Creo que la primera nota me la dio el día que empecé a ir al colegio en 1954. ¿Qué tendría yo? ¿Unos cinco años? El patio de la escuela estaba lleno de niños que gritaban y corrían por ahí. Nos acercamos; una mujer con una boina negra hacía formar a los niños en filas delante de los maestros y yo no le solté la mano a mi madre. Vi que las otras madres les daban un beso a sus hijos y se alejaban. Debí de empezar a llorar.
—¿Qué pasa? —preguntó mi madre.
—No te vayas.
—Estaré aquí cuando salgas.
—No.
—No pasa nada. Estaré aquí.
—¿Y si no te encuentro?
—Me encontrarás.
—¿Y si te pierdo?
—No puedes perder a tu madre, Charley.
Sonrió. Metió la mano en el bolsillo interior de su chaqueta y me entregó un pequeño sobre azul.
—Toma —dijo—. Si me echas muchísimo de menos puedes abrirlo.
Me enjugó las lágrimas con un pañuelo de papel que sacó del bolso, me abrazó y se despidió. Todavía la veo caminando de espaldas, lanzándome besos, con los labios pintados de carmín de Revlon y el cabello recogido por encima de las orejas. Le dije adiós agitando la carta. Me imagino que no se le ocurrió pensar que era mi primer día de escuela y que no sabía leer. Así era mi madre. Lo que contaba era la intención.
Dicen que conoció a mi padre junto al lago Pepperville la primavera de 1944. Ella estaba nadando y él jugaba a lanzarse una pelota de béisbol con un amigo suyo. Su amigo tiró la pelota demasiado alta y ésta cayó al agua. Mi madre fue nadando a cogerla. Mi padre se zambulló. Cuando salió a la superficie con la pelota, se dieron un cabezazo.
—Y ya nunca dejamos de hacerlo —decía ella.
Su noviazgo fue rápido e intenso, porque así era mi padre, que empezaba las cosas con el propósito de terminarlas. Era un joven alto y robusto, recién salido del instituto, que se peinaba con un alto tupé y conducía el LaSalle azul y blanco de su padre. Se alistó en la Segunda Guerra Mundial en cuanto pudo y le dijo a mi madre que le gustaría «ser el que matara más enemigos de toda la ciudad». Embarcó rumbo al norte de Italia, hacia los Apeninos y el valle del Po, cerca de Bolonia. En una carta que escribió desde allí en 1945 le propuso matrimonio a mi madre. «Cásate conmigo», escribió, lo cual a mí me parece más bien una orden. Mi madre accedió en una carta que escribió a vuelta de correo en un papel de tela especial que era demasiado caro para ella, pero que compró de todos modos, pues mi madre cuidaba tanto las palabras como el modo de transmitirlas.

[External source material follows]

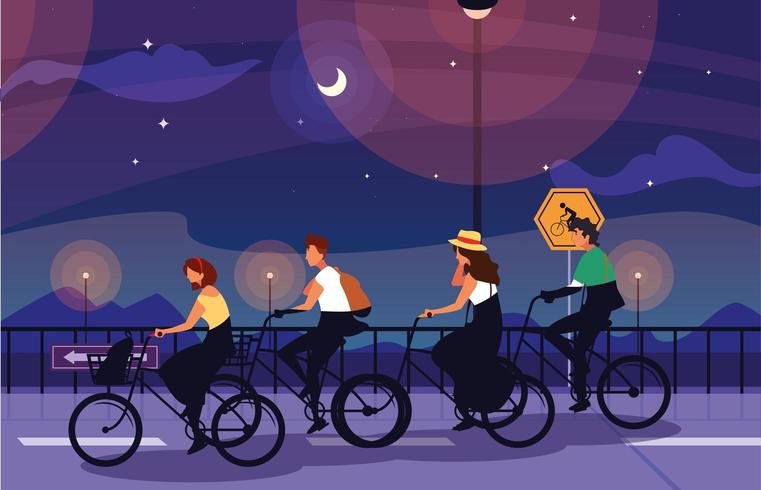 mensen rijden fiets in de nacht vector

Dos semanas después de que mi padre recibiera dicha carta, los alemanes firmaron los documentos de rendición. Iba a volver a casa.

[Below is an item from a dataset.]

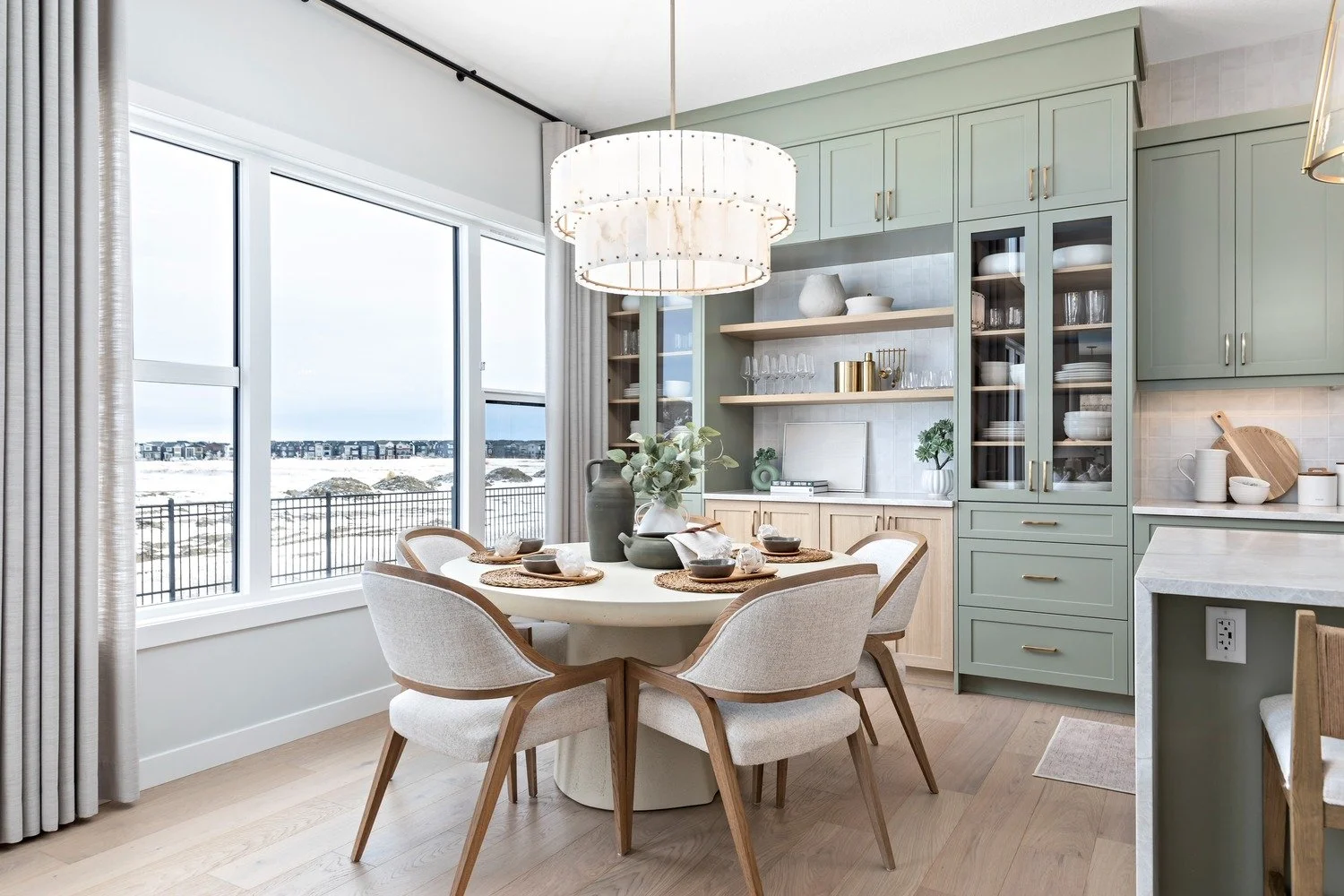A dining area with a round table and six upholstered chairs in a modern kitchen with large windows, light green cabinetry, open shelves, and a chandelier overhead.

Mi teoría era que nunca combatió lo suficiente para su gusto. Así pues, hizo su propia guerra con nosotros.
Mi padre se llamaba Leonard, pero todo el mundo lo llamaba Len; mi madre se llamaba Pauline, pero todo el mundo la llamaba Posey, como en la canción infantil, a pocketful of Posey[1]. Mi madre tenía unos ojos grandes y almendrados, un cabello largo y oscuro que casi siempre llevaba peinado en alto y un cutis aterciopelado. A la gente les recordaba a la actriz Audrey Hepburn y en nuestra pequeña ciudad no había muchas mujeres que encajaran con esa descripción. Le encantaba llevar maquillaje —rímel, delineador de ojos, colorete, de todo— y en tanto que la mayoría la consideraban «divertida» o «animada» o, más adelante, «excéntrica» u «obstinada», durante la mayor parte de mi niñez yo la consideré un fastidio.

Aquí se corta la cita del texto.